── Input records

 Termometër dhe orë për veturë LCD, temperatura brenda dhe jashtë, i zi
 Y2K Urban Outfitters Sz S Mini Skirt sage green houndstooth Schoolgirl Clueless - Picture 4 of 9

────
── Input records

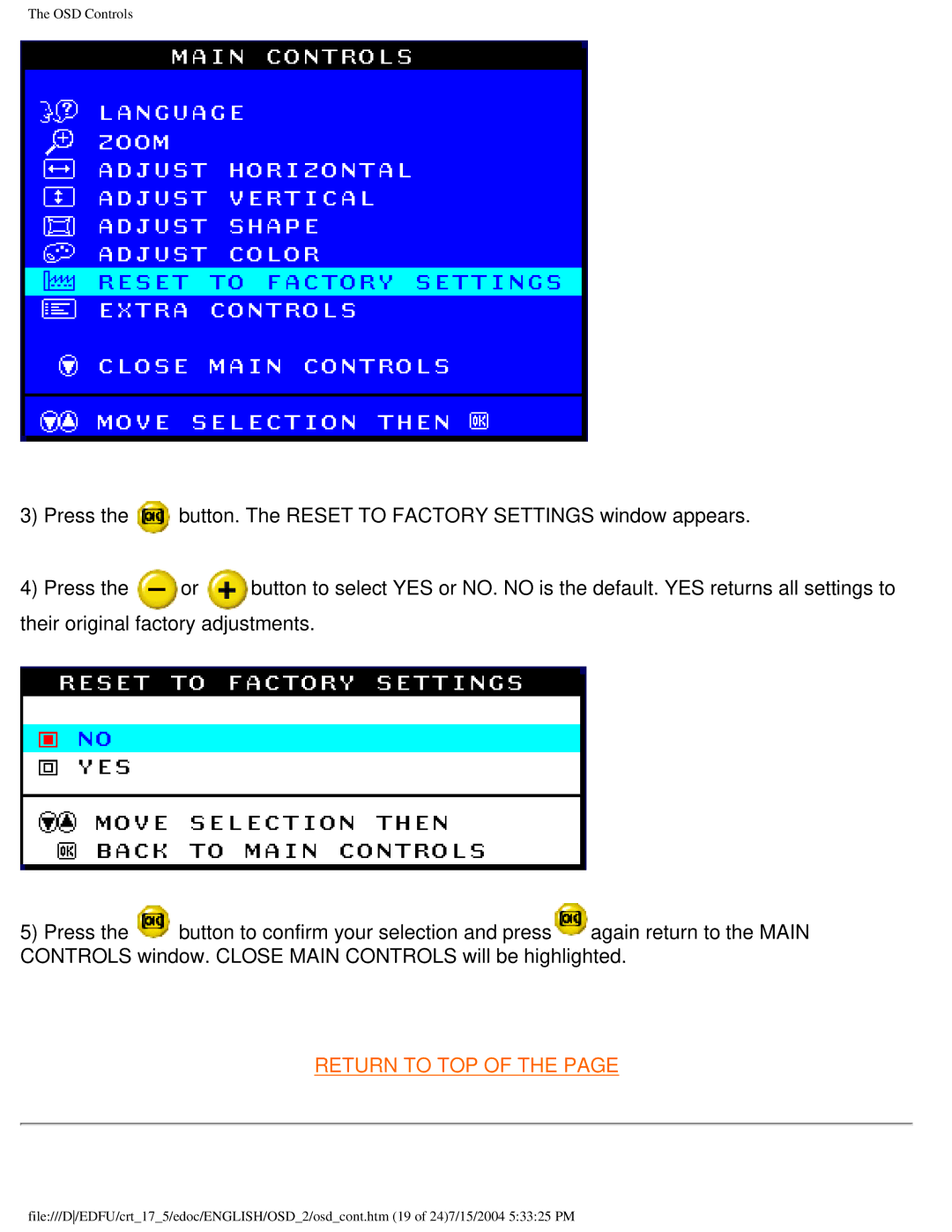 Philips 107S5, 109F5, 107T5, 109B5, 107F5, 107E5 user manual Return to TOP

────
── Input records

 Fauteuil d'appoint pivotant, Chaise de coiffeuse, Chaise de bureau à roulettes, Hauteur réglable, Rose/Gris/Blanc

────

# Task requirements
Going down the listing above, begin printing at the line with "Termometër dhe orë" and finish with the line with "Y2K Urban Outfitters", exactly as they appear.

# Solution
 Termometër dhe orë për veturë LCD, temperatura brenda dhe jashtë, i zi
 Y2K Urban Outfitters Sz S Mini Skirt sage green houndstooth Schoolgirl Clueless - Picture 4 of 9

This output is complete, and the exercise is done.